This is obviously an example of the general problem of having a set of numbers and trying to find the minimum number of groups, the sum of whose members does not exceed a certain value.

What you describe is the bin-packing problem. Each length of board represents a bin and the lengths to be cut for each wall represent the set of items to be packed into the fewest number of bins.

I can conceive of a sort of brute force approach of just trying out a whole bunch of combinations, but there must be a more intelligent way.

Not likely, since the problem is NP-complete. On the bright side, there are many simple approximations for this problem which give a guaranteed approximation ratio^*. The wikipedia article mentions a few which give quite good ratios (11/9). They use very simple rules. For example: First-fit decreasing would look like this (untested):

my $B = ...;           # bucket size
my @items = qw[ ... ]; # items
my @bins;
my @binsizes;

ITEM:
for my $item (sort { $b <=> $a } @items) {
   for my $bin (0 .. $#binsizes) {
      if ($binsizes[$bin] + $item <= $B) {
          push @{ $bins[$bin] }, $item;
          $binsizes[$bin] += $item;
          next ITEM;
      }
   }
   push @bins, [$item];
   push @binsizes, $item;
}

print "[@$_]\n" for @bins;
[download]

Other places to look include Algorithm::Bucketizer or Algorithm::BinPack, but I don't know which heuristic algorithm they use under the hood.

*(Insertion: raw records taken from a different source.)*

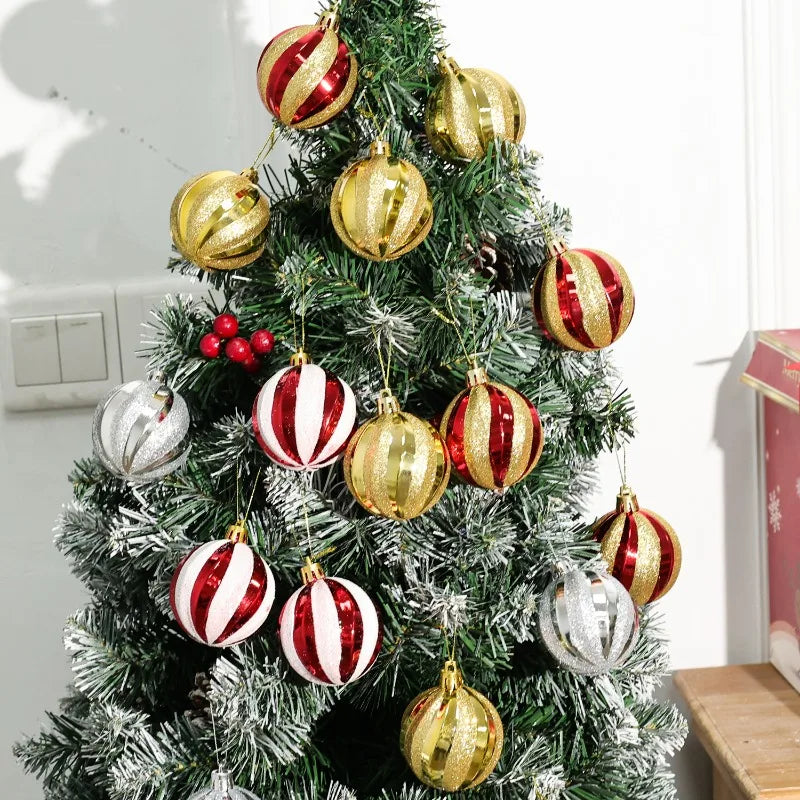 Bolas de Glitter de Natal 24/6x, Enfeites para Árvore de Natal, Bolas Pendentes para Árvore de Natal, Presente de Ano Novo, Decoração para Festa em Casa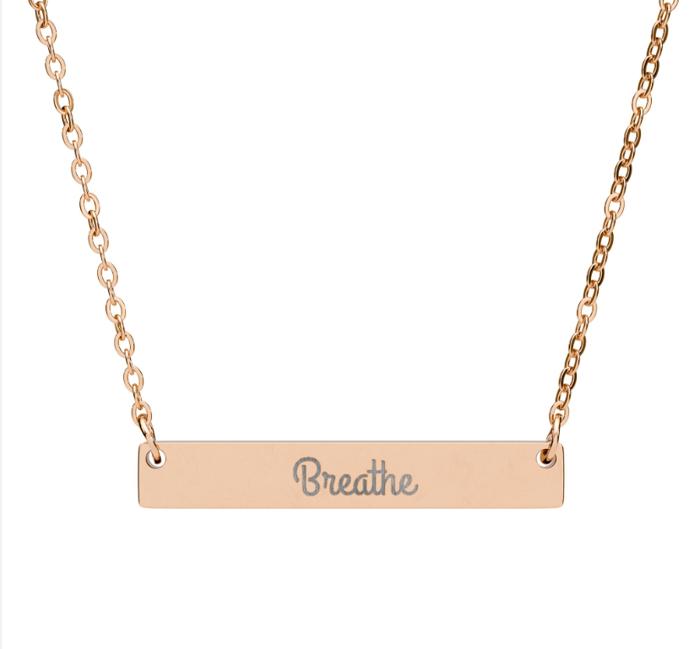 Engraved Bar Necklace, Gold, Rose gold or silver tone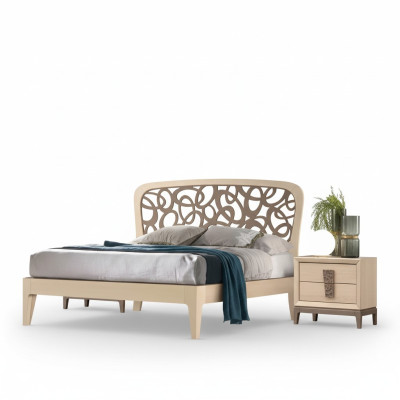 Conjunto de dormitorio Cama 2 mesitas de noche Muebles de diseño nuevos 3 piezas Moderno Madera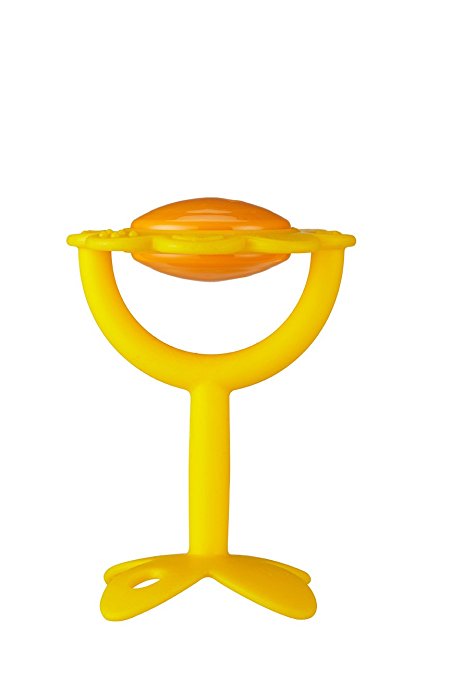 Innobaby Teethin' Smart EZ Grip Flower 无 BPA 牙胶拨浪鼓和感官玩具 黄色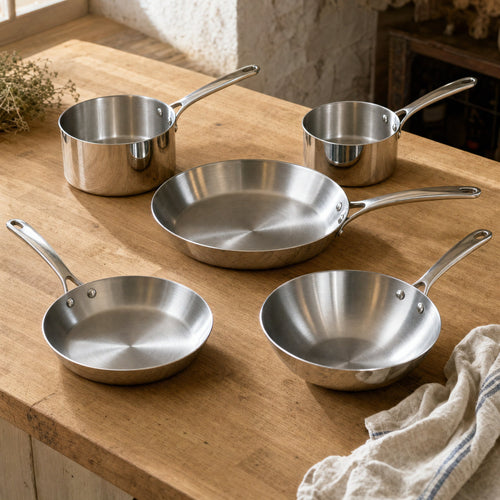 Braise - Batterie 5 pièces en inox 18/10 trois plis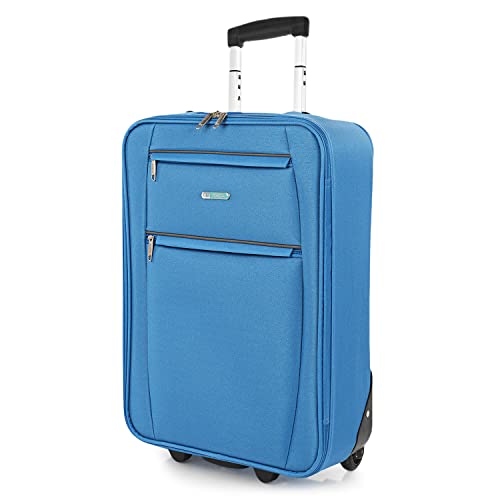 ITACA - Koffer Klein Handgepäck - Koffer Handgepäck 55x40x20 Leicht und Robust - Reisekoffer Klein aus Hochwertigen Materialien T71950, Jeansblau von ITACA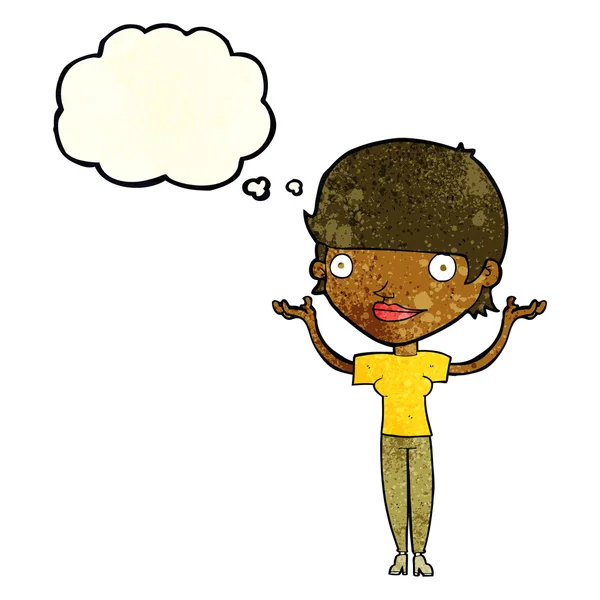 Femme dessin animé tenant les bras dans l'air avec bulle de pensée — Image vectorielle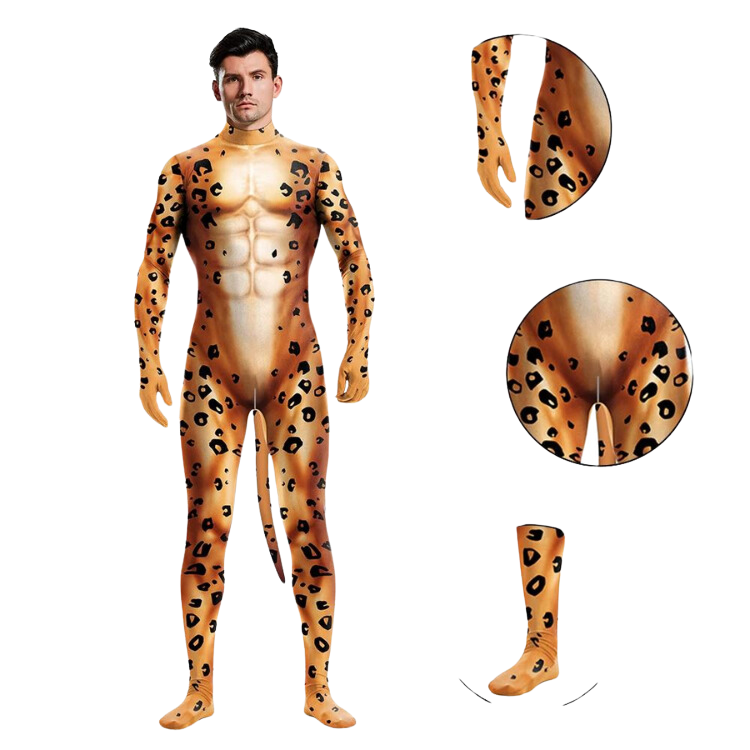 Cheetah Zentai Body Suit With Tail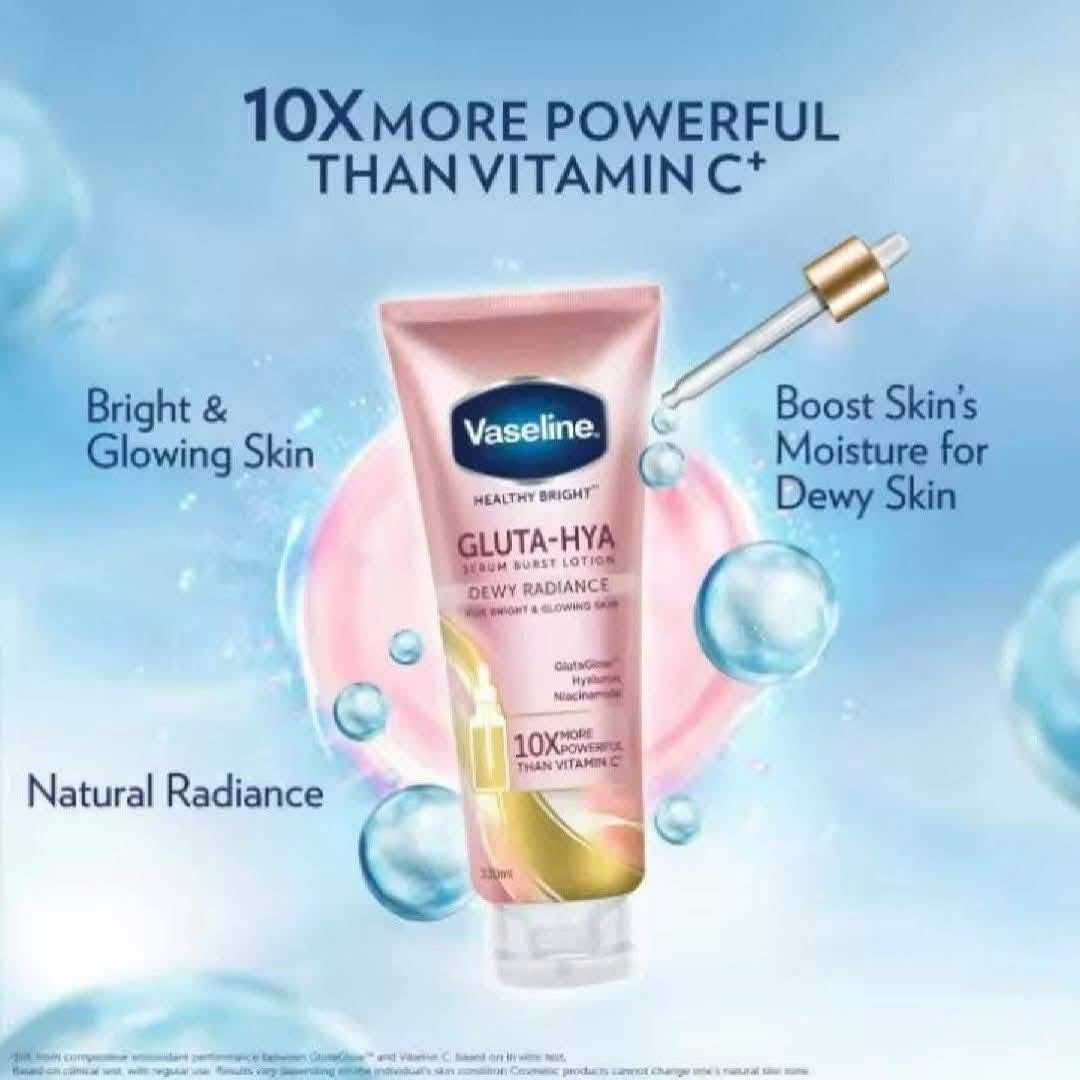VASELINE Gluta-Hya (Dewy Radiance) serum burst lotion 300ml Jumbo size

BTW, it's likely you have few enough items (with small values) so that the brute-force method will not take too long. But it might take longer to code the brute-force search than to execute it (or install your skirting boards)!

Appendix/Update: A guaranteed approximation ratio of 11/9 means that if the optimal solution to a problem instance uses N bins, then the approximation/heuristic algorithm is guaranteed to return a solution for that instance that uses no more than (11/9)*N bins. (Note that I am ignoring the extra +1 in the guarantee for first-fit decreasing -- it will give you a solution that uses at most (11/9)*N+1 bins)

Also note that this ratio is tight, which means that there are indeed pathological cases where the algorithm gives solutions that really are a (11/9) factor worse than optimal. However, chances are that most inputs will not yield this worst case -- and at least there is a known bound about how bad things can really get.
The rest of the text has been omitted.